2. Еще одна потеря недели — американский фантаст Терри Гудкайнд, автор многотомного фэнтези-цикла «Меч истины» (16 основных книг и две серии спин-оффов). В «Мире фантастики» книги Гудкайда вспоминает Владимир Пуганов, рассказывающий об основных свойствах вселенной «Меча истины» — в том числе об умении Гудкайнда держать интригу: «Когда читателю кажется, что финал уже близок, непременно появляется нечто, переламывающее ход сюжета.
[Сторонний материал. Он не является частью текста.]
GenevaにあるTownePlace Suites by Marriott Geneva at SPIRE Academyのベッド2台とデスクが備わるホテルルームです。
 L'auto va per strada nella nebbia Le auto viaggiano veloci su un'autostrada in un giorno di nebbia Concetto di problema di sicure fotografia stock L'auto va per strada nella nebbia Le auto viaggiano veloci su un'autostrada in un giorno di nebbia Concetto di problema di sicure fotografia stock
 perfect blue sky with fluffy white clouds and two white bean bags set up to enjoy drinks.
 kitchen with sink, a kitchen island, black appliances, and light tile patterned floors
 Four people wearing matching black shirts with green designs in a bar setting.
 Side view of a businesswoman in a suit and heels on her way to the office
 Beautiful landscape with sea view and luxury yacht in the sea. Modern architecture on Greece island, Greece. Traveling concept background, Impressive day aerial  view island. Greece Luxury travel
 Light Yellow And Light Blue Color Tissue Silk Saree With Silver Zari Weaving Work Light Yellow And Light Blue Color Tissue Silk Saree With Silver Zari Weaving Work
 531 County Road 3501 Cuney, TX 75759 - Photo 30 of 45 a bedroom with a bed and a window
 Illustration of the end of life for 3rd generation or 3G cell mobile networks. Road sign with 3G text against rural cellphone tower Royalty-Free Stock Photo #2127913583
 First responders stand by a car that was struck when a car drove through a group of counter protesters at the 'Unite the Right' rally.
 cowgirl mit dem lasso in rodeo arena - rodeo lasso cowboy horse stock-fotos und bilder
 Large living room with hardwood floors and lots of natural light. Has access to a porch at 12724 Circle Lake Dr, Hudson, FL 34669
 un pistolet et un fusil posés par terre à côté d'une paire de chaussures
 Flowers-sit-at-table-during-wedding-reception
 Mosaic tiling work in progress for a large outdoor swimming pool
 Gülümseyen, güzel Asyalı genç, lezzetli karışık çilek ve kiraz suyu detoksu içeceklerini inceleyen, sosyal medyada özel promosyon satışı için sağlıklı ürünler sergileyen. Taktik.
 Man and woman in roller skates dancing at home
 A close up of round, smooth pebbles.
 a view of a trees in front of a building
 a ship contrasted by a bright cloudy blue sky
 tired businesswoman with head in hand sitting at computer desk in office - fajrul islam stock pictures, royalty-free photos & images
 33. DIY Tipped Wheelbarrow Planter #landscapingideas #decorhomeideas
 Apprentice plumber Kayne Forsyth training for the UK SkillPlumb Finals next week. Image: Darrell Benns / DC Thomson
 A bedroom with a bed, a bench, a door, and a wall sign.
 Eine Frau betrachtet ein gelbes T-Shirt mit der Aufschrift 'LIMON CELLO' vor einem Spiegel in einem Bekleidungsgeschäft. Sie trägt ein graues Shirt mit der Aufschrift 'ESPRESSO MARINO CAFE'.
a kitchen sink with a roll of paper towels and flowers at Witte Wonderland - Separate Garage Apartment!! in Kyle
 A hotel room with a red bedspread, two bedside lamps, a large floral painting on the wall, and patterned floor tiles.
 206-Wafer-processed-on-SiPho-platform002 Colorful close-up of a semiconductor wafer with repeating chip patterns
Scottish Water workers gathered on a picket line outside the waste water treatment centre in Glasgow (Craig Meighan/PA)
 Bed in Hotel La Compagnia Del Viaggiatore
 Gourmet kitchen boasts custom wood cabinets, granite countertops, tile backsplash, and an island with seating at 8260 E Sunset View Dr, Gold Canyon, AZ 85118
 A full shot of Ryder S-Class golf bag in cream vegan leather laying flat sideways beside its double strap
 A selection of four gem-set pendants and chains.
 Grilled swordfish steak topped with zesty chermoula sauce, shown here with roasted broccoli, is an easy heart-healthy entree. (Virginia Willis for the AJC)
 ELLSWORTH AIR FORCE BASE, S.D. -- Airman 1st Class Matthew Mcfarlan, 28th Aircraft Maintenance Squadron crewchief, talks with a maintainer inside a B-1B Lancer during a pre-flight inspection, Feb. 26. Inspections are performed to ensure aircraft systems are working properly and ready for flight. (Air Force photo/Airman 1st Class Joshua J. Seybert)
Победа достается тяжело, и далеко не всегда она окончательна».

3. Три рецензии на новый роман Марины Степновой «Сад». На «Медузе» Галина Юзефович пишет о нем как о произведении, сознательно отсылающем к большой реалистической традиции XIX века; тексте, разыгранном в ее декорациях. «Из неспокойного сегодня действие его перенесено в светлое и утешительное вчера, в самую благополучную эпоху русской истории — золотые срединные годы правления Александра III»: Степнова, ненавязчиво вводящая в повествование исторических персонажей, «одновременно и играет в русскую классику, и мягко иронизирует над этой игрой». Юзефович отмечает, впрочем, недостаток книги, портящий ее обаяние. Это диспропорция композиции: «роман разваливается, рассыпается на куски, а герои прочерчены не прямой линией, но прерывистым непоследовательным пунктиром».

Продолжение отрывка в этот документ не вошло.